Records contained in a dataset
/---

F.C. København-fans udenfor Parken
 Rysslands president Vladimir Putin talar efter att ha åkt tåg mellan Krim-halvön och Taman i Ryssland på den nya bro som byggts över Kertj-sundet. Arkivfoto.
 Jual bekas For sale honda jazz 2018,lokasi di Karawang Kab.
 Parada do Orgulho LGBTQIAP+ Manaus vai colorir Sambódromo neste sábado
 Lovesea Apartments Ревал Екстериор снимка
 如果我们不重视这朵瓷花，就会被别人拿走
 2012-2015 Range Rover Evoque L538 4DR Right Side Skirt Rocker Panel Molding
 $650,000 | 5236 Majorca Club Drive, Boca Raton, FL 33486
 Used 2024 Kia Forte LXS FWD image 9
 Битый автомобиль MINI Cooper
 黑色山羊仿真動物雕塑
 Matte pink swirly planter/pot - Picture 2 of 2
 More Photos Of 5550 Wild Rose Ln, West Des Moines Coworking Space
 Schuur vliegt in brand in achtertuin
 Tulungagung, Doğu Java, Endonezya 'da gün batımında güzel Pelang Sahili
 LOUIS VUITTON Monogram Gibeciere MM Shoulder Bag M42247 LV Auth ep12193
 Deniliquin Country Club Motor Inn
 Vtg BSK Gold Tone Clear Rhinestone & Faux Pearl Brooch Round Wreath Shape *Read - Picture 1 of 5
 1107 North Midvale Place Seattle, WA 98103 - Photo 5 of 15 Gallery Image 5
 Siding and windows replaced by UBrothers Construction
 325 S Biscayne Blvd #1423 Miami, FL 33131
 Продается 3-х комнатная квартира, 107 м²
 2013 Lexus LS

\---

• The problem:
All lines with the word "Picture" are needed; pull them from the entries and copy each.

• Response to this exercise:
 Matte pink swirly planter/pot - Picture 2 of 2
 Vtg BSK Gold Tone Clear Rhinestone & Faux Pearl Brooch Round Wreath Shape *Read - Picture 1 of 5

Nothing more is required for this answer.